FOR too long education has been used as a political football – left versus right and state versus private.
This must stop for the sake of our children and, ultimately, the future of our nation.
I do not profess to be an expert in education but academic results prove that many state schools compete with the best in the independent sector.
Sadly, others fail, and badly. One in five children leaves school unable to read or write, a shocking statistic.
Worse, the Organisation for Economic Development has found that for the first time, older people retiring from the workforce are better educated than school leavers.
Education Secretary Michael Gove is determined to put that right. A radical thinker, he has refused to accept that certain children will never do well.
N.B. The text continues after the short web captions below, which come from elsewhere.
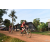Team 51 / Raid Amazones Cambodge - J5 VTT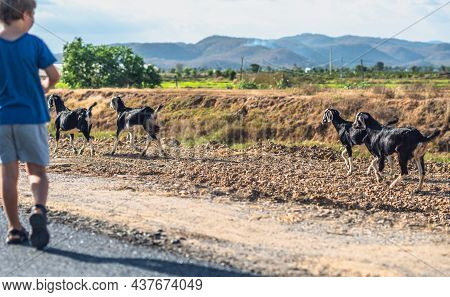 E Little Boy Back View Look Far Away Want Try Catch Goats Move Run. Healthy Simple Active Life Style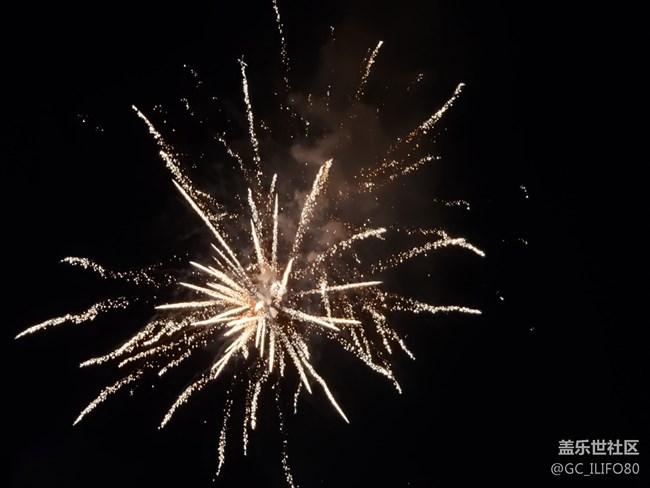 #賀歲迎新——綻放的煙火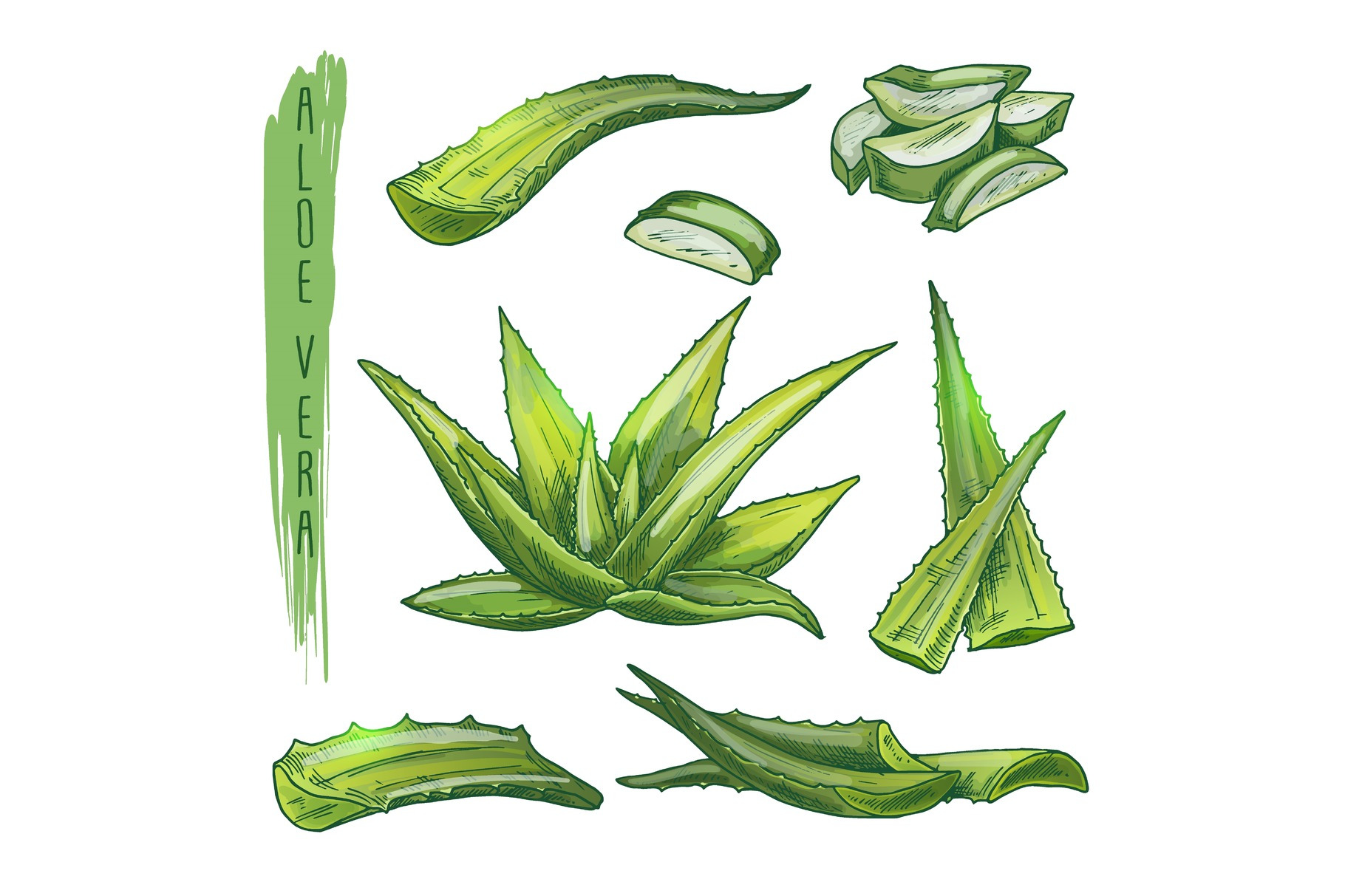 Colourful set of aloe vera elements. Vector silhouettes of botanical ...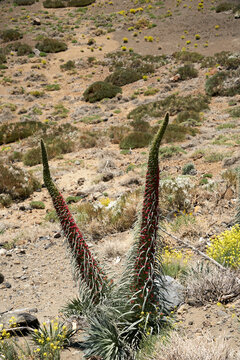 Pair of Red buglosses at Teide crater
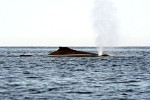 Humpback Whales off the coast of Ifaty, Madagascar.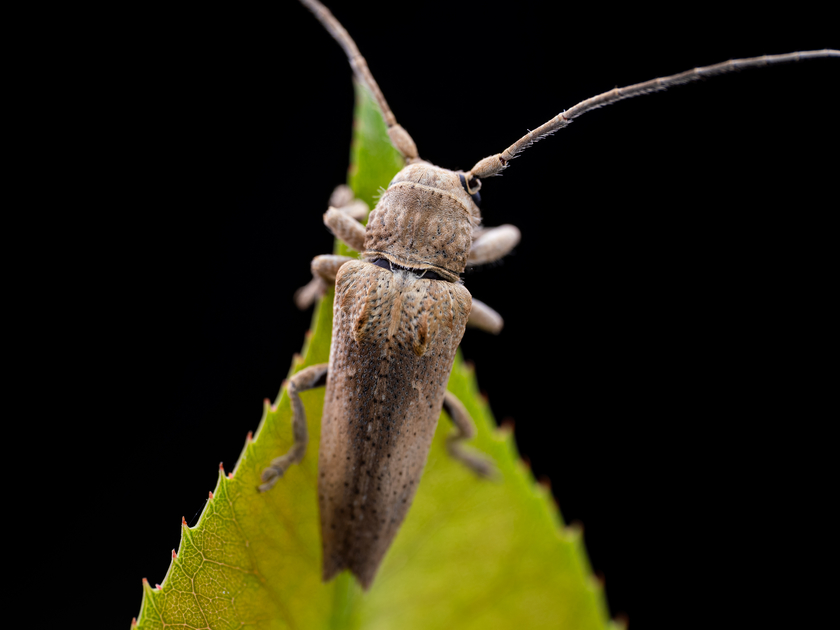 Zuiko 90mm F3.5 Macro快速体验:惊喜十足! Zuiko 90mm F3.5 Macro快速体验:惊喜十足!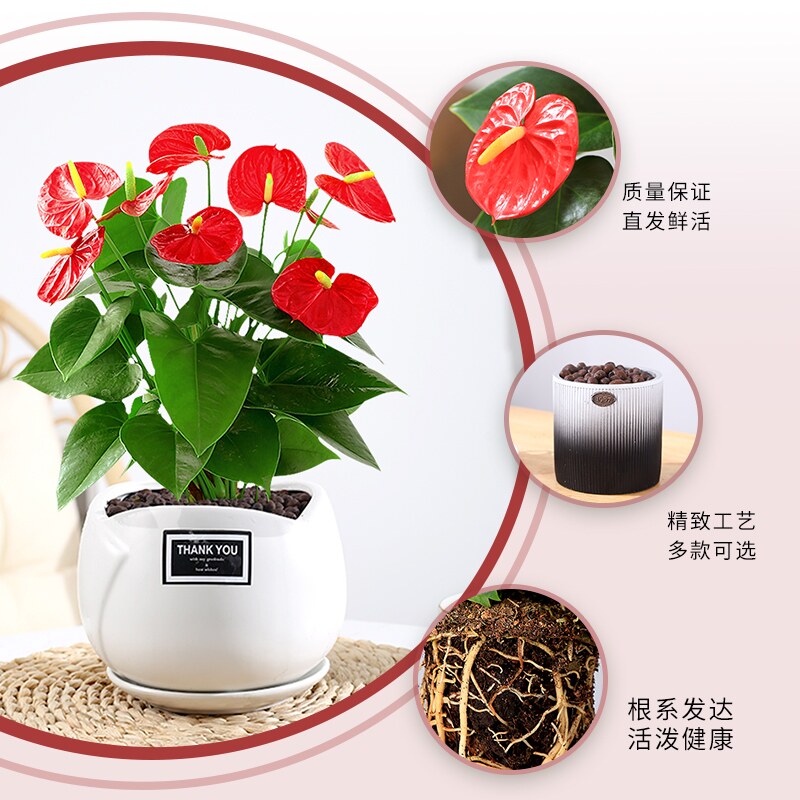 红掌盆栽客厅水培水养花卉植物办公室内鸿运当头白掌一帆风顺绿植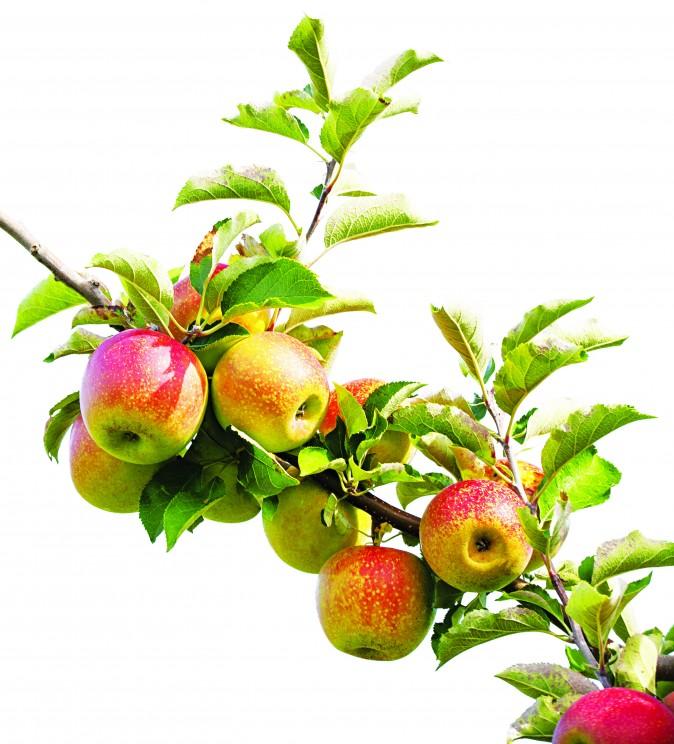 Get Rid of Gallstones Naturally With Apples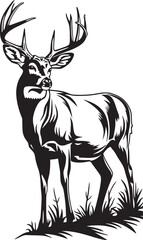Deer vector black and white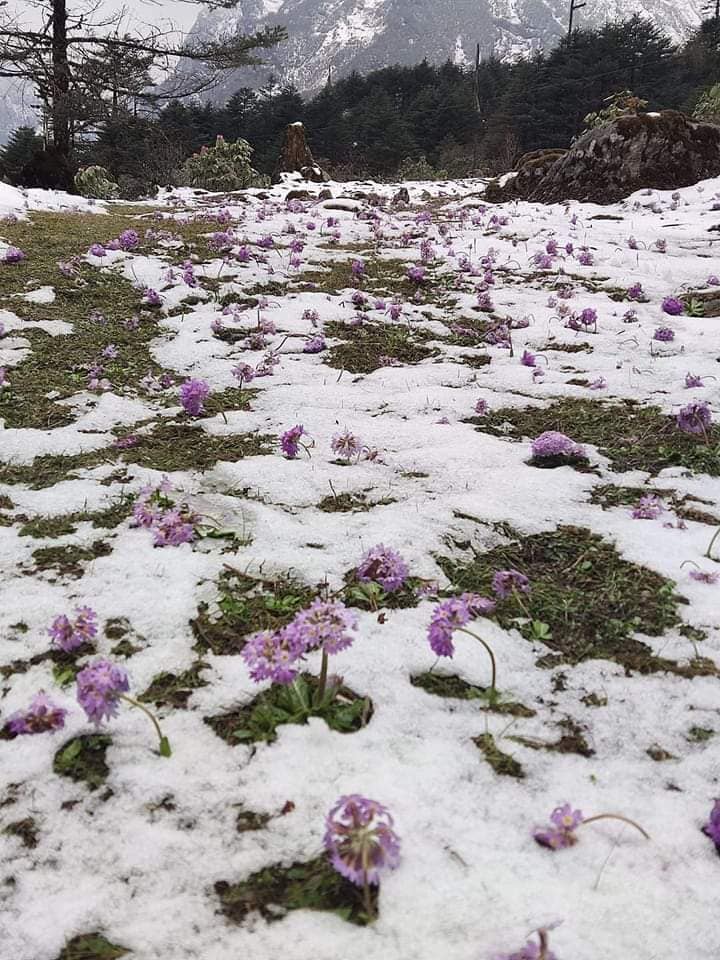 Yumthang Valley is a picturesque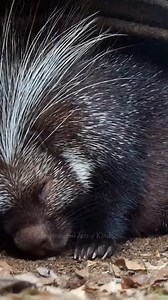 A lost newborn fox found warmth in the most unexpected place 🦊🤍 A mother porcupine allowed the tiny kit to rest beside her own babies—until the fox’s real mother bravely returned to carry her baby home. Nature still knows compassion. 🌿✨ #animals #wildlife #rescue #Heartwarming #kindness #inspirational | Inspirational Acts of Kindness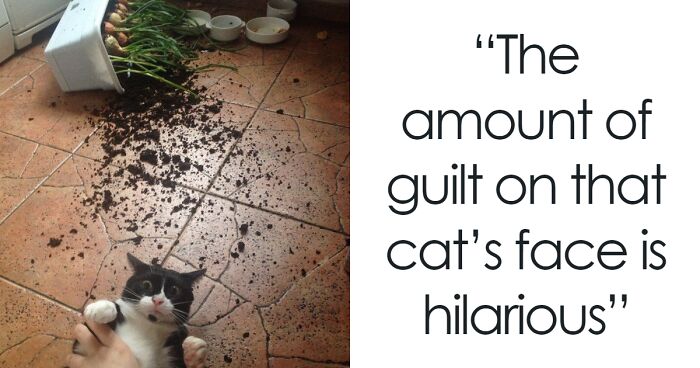 50 Destructive Cats That Weren’t Fast Enough To Escape The Scene Of The Crime
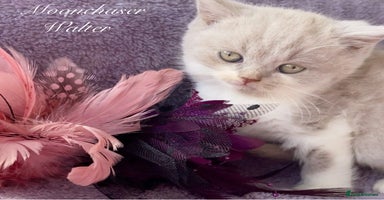 British Shorthair cats - Advert 8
Instead, he believes in encouraging them to be the best they can be.
He has given head teachers more freedom to tackle low standards and bad discipline in some of our state schools.
Until now, 50 per cent of teachers left the profession within the first five years.
This year, more top graduates chose teaching over any other career.
Now Mr Gove wants state schools to provide the longer hours, increased homework and clubs and societies seen predominantly in the private sector.
Evidence shows that well trained teachers, teaching specialist subjects to motivated students, will succeed.
The new Academy of Excellence in deprived Newham, East London, has proved to be a spectacular success, sending six sixth-formers to Oxford and Cambridge this year.
Its headmaster says he wants to raise students’ expectations and aspirations. Mr Gove shares that dream. So, too, do many parents, employers and universities.
For 20 years, our nation’s educational attainment has been sliding down the international league tables.
These reforms might just reverse that decline.